Crawled caption data:
----

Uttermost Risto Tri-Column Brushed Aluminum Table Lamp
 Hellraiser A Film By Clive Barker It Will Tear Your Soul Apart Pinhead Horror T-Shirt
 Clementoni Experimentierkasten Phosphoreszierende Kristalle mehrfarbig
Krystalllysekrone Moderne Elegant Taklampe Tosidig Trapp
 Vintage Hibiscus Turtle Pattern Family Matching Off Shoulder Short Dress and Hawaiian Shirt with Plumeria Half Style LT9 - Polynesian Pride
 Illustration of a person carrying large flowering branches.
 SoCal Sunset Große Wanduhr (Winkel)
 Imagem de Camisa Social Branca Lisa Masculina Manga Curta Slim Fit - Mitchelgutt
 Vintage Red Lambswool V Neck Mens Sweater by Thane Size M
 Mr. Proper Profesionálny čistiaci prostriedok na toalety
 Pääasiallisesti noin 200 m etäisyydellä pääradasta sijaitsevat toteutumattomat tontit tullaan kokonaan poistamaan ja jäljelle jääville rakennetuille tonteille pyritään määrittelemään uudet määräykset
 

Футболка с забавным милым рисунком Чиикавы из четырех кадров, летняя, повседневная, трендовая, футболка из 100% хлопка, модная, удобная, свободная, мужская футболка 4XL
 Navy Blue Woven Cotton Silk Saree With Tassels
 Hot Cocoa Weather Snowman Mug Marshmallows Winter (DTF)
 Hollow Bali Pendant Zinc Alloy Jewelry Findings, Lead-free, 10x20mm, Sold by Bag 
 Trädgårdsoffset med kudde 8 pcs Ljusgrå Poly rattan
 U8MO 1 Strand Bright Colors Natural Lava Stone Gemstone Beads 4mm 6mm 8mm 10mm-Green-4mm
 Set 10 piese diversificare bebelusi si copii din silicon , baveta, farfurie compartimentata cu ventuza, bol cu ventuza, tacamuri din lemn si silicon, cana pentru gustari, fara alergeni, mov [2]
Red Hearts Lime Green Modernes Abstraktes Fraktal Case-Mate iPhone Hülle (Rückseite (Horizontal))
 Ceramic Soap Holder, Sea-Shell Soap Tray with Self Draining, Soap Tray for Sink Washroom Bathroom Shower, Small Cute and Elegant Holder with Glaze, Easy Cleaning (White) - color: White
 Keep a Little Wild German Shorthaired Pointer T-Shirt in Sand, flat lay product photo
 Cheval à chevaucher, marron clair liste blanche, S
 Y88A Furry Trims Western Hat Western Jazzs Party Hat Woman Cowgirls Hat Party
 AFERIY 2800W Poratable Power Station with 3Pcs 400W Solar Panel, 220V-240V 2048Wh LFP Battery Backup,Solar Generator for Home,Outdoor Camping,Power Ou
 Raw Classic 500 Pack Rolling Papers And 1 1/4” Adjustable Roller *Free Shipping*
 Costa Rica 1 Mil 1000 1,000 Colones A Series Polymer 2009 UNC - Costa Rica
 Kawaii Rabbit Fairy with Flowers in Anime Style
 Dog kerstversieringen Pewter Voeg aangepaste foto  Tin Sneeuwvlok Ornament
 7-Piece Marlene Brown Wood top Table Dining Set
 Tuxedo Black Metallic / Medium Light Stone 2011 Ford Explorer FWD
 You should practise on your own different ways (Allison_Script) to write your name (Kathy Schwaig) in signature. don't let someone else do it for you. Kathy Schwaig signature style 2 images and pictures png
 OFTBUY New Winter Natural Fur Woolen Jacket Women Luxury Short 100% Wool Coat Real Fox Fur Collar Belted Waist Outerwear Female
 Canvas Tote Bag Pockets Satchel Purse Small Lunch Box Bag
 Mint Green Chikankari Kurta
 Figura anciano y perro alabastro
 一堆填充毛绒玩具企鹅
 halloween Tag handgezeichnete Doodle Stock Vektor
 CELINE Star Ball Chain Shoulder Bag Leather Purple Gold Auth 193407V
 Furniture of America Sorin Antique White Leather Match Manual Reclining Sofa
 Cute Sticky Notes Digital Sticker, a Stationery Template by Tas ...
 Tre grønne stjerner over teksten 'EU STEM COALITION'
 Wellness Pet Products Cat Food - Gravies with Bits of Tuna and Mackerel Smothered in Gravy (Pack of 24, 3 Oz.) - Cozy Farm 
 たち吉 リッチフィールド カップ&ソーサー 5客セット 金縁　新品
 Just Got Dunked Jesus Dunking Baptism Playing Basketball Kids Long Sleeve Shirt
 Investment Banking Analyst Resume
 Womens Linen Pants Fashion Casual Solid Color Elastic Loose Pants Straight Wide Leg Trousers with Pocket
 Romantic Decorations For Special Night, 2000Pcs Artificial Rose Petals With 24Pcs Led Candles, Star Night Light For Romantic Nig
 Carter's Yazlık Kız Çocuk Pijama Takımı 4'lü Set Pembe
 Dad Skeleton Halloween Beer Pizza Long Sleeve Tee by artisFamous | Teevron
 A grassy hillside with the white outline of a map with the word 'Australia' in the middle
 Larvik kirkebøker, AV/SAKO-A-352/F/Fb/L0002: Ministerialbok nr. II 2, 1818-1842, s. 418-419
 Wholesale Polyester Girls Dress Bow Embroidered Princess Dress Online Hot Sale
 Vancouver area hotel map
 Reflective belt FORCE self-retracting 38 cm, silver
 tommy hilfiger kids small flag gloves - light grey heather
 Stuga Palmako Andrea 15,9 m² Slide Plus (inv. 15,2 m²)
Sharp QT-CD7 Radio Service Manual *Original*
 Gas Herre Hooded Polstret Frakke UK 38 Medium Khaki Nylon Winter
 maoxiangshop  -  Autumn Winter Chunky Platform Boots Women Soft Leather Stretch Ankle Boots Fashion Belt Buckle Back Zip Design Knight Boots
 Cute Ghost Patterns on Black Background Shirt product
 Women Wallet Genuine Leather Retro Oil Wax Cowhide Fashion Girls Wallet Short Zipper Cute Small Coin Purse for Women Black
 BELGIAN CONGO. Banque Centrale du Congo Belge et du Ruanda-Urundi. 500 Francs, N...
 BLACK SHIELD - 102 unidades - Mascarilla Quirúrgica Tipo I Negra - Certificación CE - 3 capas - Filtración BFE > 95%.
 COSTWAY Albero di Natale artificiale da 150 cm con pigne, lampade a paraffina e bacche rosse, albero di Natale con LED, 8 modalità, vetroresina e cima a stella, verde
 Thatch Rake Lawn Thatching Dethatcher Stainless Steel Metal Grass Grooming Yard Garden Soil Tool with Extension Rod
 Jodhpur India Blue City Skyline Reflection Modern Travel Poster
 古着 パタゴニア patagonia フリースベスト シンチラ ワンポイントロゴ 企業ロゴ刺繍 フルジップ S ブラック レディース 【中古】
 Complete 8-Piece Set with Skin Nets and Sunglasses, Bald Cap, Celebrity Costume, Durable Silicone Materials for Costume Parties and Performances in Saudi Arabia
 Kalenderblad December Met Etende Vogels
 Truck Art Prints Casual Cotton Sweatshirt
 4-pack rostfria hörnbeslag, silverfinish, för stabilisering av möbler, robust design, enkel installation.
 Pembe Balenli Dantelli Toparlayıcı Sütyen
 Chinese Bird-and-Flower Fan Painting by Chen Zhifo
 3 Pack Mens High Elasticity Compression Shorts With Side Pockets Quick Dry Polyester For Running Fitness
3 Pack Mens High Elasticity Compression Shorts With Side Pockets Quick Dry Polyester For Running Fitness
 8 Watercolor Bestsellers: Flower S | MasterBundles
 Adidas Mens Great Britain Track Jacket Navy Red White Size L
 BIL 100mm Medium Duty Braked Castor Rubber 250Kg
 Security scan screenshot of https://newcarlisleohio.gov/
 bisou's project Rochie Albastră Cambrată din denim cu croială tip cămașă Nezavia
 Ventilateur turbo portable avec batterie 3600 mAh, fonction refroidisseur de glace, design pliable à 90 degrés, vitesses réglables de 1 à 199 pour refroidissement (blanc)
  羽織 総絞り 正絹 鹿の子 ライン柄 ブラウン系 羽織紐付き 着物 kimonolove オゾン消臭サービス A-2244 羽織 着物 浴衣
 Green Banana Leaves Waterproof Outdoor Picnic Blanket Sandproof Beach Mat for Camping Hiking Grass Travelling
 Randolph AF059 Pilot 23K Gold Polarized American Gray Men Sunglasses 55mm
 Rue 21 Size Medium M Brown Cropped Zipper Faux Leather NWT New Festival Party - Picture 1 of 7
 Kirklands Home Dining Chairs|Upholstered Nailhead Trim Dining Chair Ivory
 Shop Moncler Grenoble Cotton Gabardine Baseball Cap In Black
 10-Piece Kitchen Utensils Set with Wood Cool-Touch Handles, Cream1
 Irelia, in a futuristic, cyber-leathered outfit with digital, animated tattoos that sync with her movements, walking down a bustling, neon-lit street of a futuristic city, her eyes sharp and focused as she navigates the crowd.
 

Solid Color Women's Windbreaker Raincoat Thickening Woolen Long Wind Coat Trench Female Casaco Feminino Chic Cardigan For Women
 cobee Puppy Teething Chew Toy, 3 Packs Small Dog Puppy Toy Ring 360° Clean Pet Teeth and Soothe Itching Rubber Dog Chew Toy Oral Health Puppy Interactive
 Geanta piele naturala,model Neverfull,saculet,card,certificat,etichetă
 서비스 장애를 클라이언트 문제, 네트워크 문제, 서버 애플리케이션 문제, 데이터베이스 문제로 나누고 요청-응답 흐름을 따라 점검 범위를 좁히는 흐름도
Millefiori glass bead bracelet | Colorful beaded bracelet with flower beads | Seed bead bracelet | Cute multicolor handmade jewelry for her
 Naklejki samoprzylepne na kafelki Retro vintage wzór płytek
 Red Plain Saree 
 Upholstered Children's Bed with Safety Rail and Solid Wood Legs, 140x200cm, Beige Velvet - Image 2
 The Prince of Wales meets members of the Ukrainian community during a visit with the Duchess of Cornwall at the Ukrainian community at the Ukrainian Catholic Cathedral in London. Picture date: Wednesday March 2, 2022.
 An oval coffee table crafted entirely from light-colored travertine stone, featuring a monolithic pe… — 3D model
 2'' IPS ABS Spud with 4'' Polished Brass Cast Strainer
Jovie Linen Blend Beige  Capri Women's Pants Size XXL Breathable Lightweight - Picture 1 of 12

----

WHAT NEEDS TO BE DONE
Going back over the entries above, copy word for word every line from the one that has "Chinese Bird-and-Flower Fan" on through the one that has "Security scan screenshot".

RESPONSE FOR THIS EXERCISE
 Chinese Bird-and-Flower Fan Painting by Chen Zhifo
 3 Pack Mens High Elasticity Compression Shorts With Side Pockets Quick Dry Polyester For Running Fitness
3 Pack Mens High Elasticity Compression Shorts With Side Pockets Quick Dry Polyester For Running Fitness
 8 Watercolor Bestsellers: Flower S | MasterBundles
 Adidas Mens Great Britain Track Jacket Navy Red White Size L
 BIL 100mm Medium Duty Braked Castor Rubber 250Kg
 Security scan screenshot of https://newcarlisleohio.gov/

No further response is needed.